Lee knows he isn’t the presidential candidate conservatives are looking for, but he’s got his eyes on that “positive, innovative, and unapologetically conservative agenda.” He’s not shy about the role he’d like to play. “I do want to influence that debate,” Lee says. His slate of policy proposals isn’t light fare. Since 2013, Lee has introduced bills to make the tax code more family friendly, take on cronyism in Washington, reform the college accreditation system, and change the way the federal government funds transportation infrastructure. But what Lee really wants is to change the way conservatives think about domestic policy, reorienting the Republican party toward a family-focused, constitutional populism to help the GOP win back the White House.
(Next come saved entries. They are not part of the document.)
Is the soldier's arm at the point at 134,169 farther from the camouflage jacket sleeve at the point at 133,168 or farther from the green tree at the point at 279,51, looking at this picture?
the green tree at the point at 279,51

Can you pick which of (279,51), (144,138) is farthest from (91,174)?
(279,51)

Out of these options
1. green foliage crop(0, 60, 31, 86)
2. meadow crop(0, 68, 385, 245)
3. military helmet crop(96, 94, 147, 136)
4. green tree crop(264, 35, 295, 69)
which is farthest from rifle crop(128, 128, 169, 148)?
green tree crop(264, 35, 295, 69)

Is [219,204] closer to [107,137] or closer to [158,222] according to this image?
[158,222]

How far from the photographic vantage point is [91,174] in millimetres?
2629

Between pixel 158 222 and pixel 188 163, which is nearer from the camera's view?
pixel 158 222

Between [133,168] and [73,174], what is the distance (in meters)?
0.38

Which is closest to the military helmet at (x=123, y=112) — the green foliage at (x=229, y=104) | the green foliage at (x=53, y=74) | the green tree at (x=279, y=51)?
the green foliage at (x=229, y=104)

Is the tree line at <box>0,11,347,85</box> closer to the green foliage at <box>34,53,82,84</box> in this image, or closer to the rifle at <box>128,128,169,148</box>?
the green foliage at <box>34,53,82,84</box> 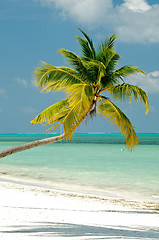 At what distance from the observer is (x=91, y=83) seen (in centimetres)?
750

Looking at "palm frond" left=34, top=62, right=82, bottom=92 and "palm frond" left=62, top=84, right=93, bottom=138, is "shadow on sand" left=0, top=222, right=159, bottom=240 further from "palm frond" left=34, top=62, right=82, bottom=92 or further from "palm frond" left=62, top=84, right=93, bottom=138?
"palm frond" left=34, top=62, right=82, bottom=92

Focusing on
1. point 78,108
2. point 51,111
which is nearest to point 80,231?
point 78,108

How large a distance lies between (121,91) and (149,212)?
11.7 ft

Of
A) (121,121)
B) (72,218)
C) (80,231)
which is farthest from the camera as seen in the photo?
(121,121)

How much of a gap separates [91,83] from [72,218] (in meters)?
3.37

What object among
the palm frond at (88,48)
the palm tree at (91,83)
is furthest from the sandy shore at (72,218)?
the palm frond at (88,48)

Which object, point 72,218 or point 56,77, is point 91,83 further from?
point 72,218

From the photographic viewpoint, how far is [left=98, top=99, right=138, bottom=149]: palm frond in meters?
7.39

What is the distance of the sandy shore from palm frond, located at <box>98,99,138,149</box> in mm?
1933

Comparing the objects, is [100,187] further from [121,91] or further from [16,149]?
[16,149]

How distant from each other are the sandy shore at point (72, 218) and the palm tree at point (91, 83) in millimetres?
1933

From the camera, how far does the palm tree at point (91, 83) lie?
7.15m

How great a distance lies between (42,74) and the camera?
299 inches

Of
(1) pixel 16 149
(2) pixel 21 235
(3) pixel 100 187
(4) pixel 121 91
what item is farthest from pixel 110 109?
(3) pixel 100 187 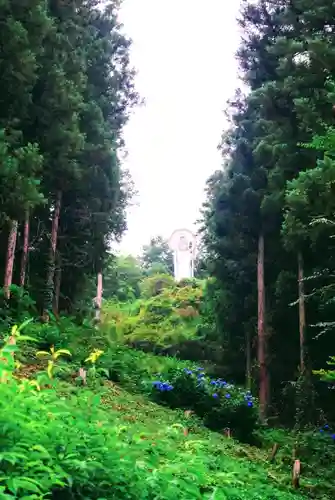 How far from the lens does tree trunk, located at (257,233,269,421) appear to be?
13180mm

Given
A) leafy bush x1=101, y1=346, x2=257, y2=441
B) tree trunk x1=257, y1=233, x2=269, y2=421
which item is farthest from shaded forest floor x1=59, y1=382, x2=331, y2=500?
tree trunk x1=257, y1=233, x2=269, y2=421

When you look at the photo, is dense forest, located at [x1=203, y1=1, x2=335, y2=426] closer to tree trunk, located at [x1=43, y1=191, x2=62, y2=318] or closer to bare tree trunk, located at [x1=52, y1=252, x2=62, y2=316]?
bare tree trunk, located at [x1=52, y1=252, x2=62, y2=316]

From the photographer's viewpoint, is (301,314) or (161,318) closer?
(301,314)

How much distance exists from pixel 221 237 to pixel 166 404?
7.00 meters

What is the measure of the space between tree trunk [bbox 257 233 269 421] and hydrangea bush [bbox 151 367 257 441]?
3.73 metres

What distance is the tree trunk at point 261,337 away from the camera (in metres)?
13.2

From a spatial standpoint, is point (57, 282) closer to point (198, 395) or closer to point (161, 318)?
point (198, 395)

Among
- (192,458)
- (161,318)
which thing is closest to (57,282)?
(161,318)

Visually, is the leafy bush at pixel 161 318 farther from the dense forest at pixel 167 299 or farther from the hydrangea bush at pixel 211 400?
the hydrangea bush at pixel 211 400

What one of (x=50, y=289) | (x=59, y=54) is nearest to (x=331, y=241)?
(x=50, y=289)

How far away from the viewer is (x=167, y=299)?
2069 centimetres

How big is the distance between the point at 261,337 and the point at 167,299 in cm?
757

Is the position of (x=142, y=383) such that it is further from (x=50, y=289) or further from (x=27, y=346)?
(x=50, y=289)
If Lee succeeds, it will make him one of the most consequential conservatives of his generation.
Lee’s touchstone is Ronald Reagan, but not in the rote way you might think. “It’s important for us to remember that by the time 2016 rolls around, we will be about as far away from Ronald Reagan’s election in 1980 as Ronald Reagan’s election in 1980 was from D-Day, and it’s important for us to update our agenda to make sure that it fits the times,” says Lee. “We need to stop simply talking about Reagan and start acting like him.” That doesn’t mean slashing the marginal tax rate or getting rid of the Department of Education. Lee says acting like Reagan means applying principles of limited government, constitutionalism, and a healthy civil society to the issues of the day—namely, the rising cost of living and economic insecurity of the American middle class.
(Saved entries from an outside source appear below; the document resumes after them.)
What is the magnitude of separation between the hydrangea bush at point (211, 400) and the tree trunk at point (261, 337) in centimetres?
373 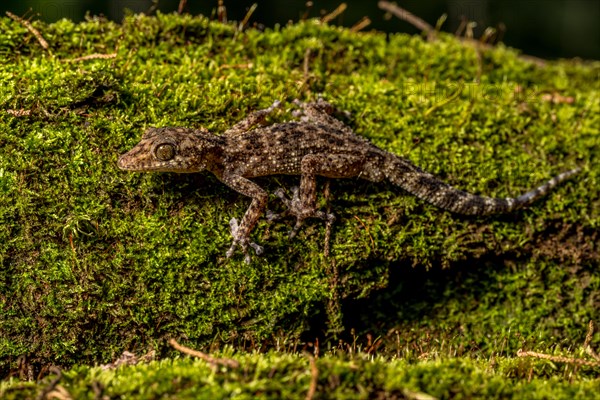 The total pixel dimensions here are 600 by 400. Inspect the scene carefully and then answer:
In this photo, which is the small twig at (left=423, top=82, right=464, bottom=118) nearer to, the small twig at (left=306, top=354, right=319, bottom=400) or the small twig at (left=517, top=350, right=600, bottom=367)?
the small twig at (left=517, top=350, right=600, bottom=367)

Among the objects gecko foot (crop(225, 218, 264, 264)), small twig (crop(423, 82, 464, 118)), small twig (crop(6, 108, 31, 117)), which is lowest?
gecko foot (crop(225, 218, 264, 264))

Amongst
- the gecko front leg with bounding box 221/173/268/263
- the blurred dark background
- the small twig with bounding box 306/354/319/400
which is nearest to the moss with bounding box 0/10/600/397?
the gecko front leg with bounding box 221/173/268/263

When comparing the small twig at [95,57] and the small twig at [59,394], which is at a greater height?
the small twig at [95,57]

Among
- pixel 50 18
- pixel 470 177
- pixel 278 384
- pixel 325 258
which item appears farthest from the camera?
pixel 50 18

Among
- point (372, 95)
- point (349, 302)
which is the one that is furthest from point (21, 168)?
point (372, 95)

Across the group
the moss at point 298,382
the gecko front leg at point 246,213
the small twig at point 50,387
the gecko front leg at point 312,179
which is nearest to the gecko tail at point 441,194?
the gecko front leg at point 312,179

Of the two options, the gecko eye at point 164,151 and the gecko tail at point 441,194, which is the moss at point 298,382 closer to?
the gecko eye at point 164,151

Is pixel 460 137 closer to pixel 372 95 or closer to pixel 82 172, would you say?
pixel 372 95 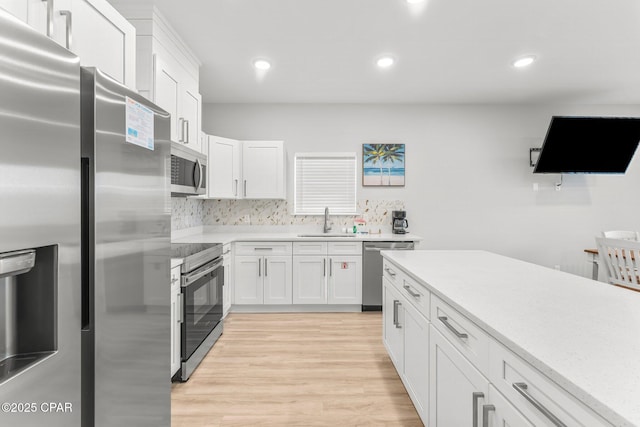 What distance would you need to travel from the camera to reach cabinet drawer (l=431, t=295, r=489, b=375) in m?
1.09

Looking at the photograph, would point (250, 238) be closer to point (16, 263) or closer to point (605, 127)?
point (16, 263)

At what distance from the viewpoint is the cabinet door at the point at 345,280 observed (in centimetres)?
388

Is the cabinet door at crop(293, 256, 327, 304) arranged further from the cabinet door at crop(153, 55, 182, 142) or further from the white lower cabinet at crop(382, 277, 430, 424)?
the cabinet door at crop(153, 55, 182, 142)

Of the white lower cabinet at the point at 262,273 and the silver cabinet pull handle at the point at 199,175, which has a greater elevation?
the silver cabinet pull handle at the point at 199,175

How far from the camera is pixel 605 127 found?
4.07 m

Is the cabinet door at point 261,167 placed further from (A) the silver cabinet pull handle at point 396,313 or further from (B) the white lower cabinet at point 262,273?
(A) the silver cabinet pull handle at point 396,313

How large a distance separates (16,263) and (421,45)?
3096 mm

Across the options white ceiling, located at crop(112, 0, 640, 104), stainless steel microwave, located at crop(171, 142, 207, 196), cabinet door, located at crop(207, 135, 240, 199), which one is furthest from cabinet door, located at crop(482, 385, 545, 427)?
cabinet door, located at crop(207, 135, 240, 199)

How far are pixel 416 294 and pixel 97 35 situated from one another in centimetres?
194

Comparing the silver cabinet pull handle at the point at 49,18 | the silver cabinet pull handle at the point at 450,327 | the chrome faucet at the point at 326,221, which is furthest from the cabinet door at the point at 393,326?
the silver cabinet pull handle at the point at 49,18

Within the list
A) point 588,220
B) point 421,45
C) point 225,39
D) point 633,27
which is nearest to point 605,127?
point 588,220

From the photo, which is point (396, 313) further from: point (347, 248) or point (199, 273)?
point (347, 248)

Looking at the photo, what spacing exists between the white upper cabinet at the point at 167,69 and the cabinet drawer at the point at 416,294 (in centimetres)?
204

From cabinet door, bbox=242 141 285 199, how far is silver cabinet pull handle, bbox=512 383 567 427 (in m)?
3.53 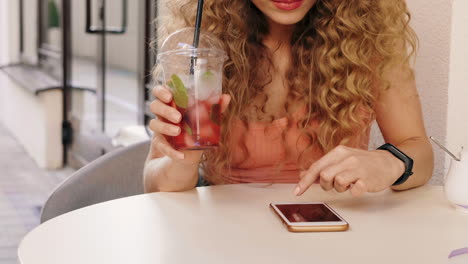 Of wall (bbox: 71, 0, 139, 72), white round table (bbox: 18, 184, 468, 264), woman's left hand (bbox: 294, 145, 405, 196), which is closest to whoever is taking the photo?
white round table (bbox: 18, 184, 468, 264)

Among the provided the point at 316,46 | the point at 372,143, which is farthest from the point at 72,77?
the point at 316,46

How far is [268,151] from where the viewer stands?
1.69m

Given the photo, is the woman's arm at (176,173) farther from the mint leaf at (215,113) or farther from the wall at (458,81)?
the wall at (458,81)

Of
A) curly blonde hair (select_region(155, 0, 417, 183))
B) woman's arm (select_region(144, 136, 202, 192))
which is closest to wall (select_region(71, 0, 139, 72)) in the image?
curly blonde hair (select_region(155, 0, 417, 183))

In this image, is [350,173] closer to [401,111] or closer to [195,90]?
[195,90]

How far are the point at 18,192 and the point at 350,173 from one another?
11.9 feet

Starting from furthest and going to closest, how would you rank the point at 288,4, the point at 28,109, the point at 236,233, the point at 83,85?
1. the point at 28,109
2. the point at 83,85
3. the point at 288,4
4. the point at 236,233

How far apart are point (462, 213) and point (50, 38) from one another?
511cm

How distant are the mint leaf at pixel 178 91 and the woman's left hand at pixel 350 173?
0.25 meters

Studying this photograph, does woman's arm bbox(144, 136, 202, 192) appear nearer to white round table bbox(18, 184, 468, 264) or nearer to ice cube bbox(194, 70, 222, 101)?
A: white round table bbox(18, 184, 468, 264)

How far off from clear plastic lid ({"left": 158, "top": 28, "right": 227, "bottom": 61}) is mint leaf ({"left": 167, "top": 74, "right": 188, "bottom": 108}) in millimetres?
40

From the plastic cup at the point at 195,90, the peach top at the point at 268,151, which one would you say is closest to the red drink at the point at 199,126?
the plastic cup at the point at 195,90

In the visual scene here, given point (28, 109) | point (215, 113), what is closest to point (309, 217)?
point (215, 113)

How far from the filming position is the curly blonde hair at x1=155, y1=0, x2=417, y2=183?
1634 millimetres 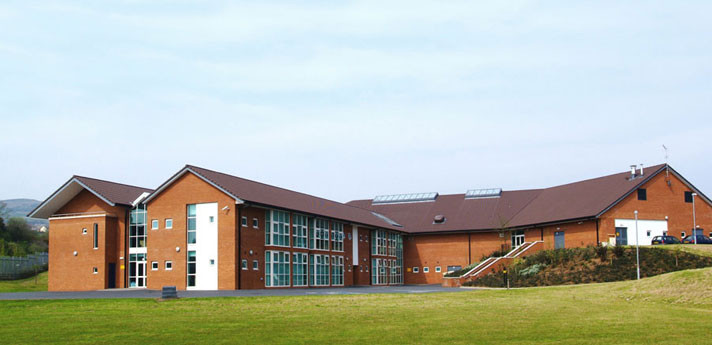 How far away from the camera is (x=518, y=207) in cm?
6700

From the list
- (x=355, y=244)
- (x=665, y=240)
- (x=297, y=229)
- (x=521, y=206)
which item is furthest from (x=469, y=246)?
(x=297, y=229)

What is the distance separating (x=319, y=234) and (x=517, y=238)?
20.3 m

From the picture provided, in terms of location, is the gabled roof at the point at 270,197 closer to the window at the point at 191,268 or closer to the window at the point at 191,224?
the window at the point at 191,224

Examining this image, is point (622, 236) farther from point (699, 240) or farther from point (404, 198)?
point (404, 198)

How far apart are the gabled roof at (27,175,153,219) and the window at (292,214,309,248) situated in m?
11.9

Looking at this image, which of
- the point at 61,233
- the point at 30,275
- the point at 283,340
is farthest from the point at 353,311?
the point at 30,275

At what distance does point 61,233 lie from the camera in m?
51.6

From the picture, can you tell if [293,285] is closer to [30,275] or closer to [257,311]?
[257,311]

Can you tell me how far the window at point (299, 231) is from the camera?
163ft

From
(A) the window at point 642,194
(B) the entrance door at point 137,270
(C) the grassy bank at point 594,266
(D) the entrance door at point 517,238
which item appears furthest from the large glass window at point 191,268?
(A) the window at point 642,194

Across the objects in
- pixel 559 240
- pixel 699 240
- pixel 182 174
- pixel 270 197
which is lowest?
pixel 699 240

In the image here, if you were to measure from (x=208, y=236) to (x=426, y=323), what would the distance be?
26.4 meters

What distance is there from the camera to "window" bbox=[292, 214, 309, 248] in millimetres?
49594

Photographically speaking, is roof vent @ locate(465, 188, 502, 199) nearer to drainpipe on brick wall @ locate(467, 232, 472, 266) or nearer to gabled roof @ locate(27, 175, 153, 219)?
drainpipe on brick wall @ locate(467, 232, 472, 266)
If the Republican party needs another Reagan, Lee wants to fill the role of Jack Kemp, who as a junior congressman took the lead in formulating the tax cuts that were central to Reagan’s agenda once he took office. Like Kemp, Lee has made tax reform his signature issue, despite not having a seat on the tax-writing Finance Committee. The target of Lee’s tax proposal is what he calls the “parent tax penalty.” Parents, like everyone else, pay some combination of income and payroll taxes. The “penalty,” Lee says, is that parents also bear the costs of raising children who will grow up to become taxpayers themselves. The current child tax credit isn’t enough to offset these additional costs. Lee’s plan looks a lot like other Republican tax reform ideas—simplifying the brackets, lowering rates, removing costly deductions—while adding an extra $2,500-per-child tax credit that can apply to any parent’s combined tax liability. It’s money that could pay for child-care costs or cover expensive dental work or even help one parent stay home to raise the kids.